Because that is what comes out of Maxwell’s equations. What is outside of the sphere is not causally connected to any part of the particle worldline after the change in motion, only parts before the change. The field will therefore be the same as if the particle motion did not change because the change simply does not have enough time to propagate.

Why does the field outside R=ct assume an "apparent position" of the charge?
It doesn’t. It depends on where the particle was and how it was moving on the past lightcone of the event.

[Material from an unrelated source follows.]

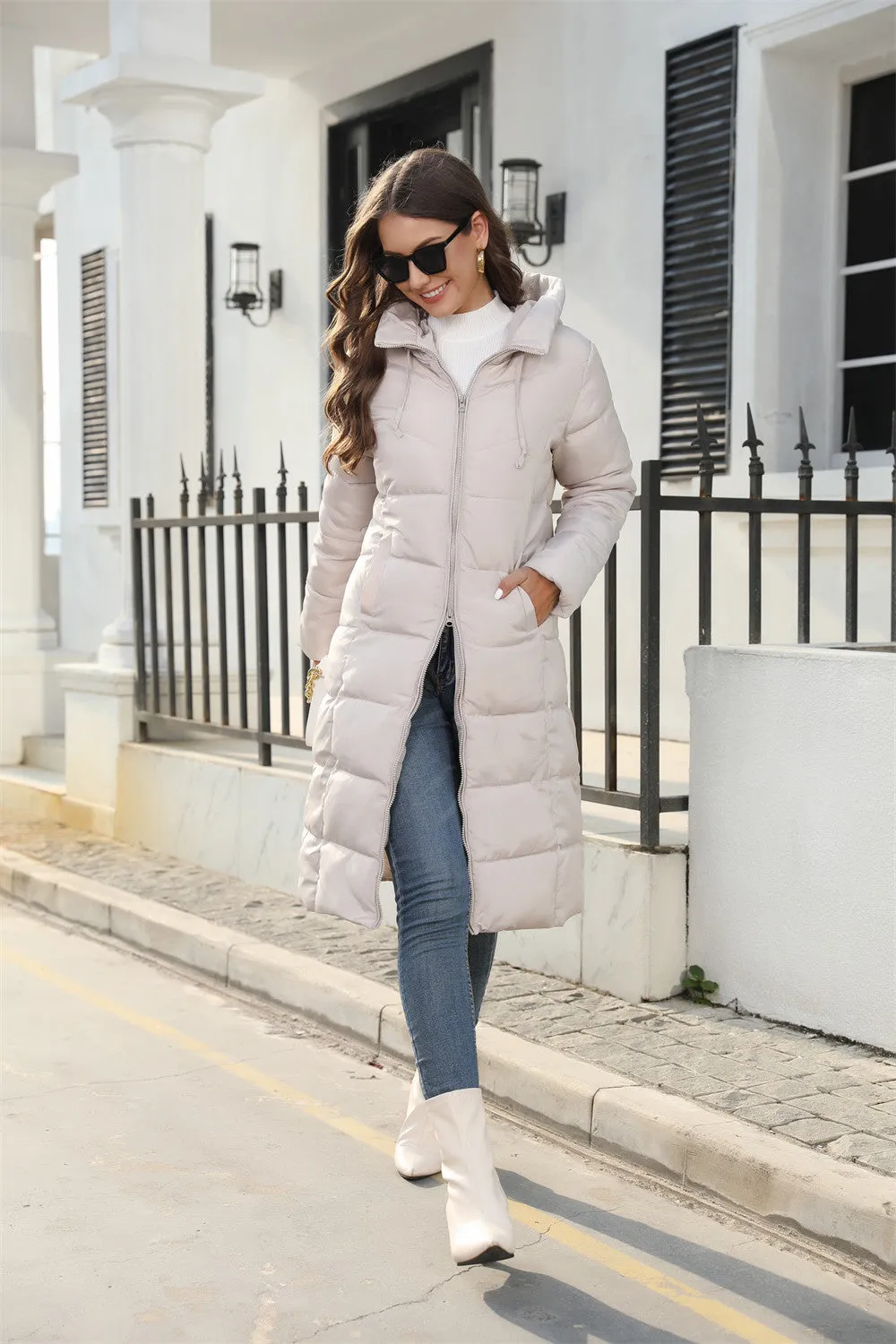 Hooded Long Slim-Fit Winter Cotton Padded Coat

Why does it think the charge is at x = v*t and that it remains in its state of motion?
It doesn’t. See above.

In my opinion, it would make more sense if the field (outside R=ct) acted as though the particle is in a state of motion (with uniform velocity v) at x=0, ie.
Physics is not required to adhere to what you think would make sense. The theory of electromagnetism is based on Maxwell’s equations - a relativistic field theory. It behaves this way and has been very well tested experimentally.

This just doesn't seem right to me - I'm not sure what to make of it.
See above. Physics depends on experimental evidence, not on what you think seems right.
 
  • #3
vish22
34
1
See above. Physics depends on experimental evidence, not on what you think seems right.

Yes, yes absolutely.

For now I shall consider it as being experimentally proven and carry on my readings, thank you!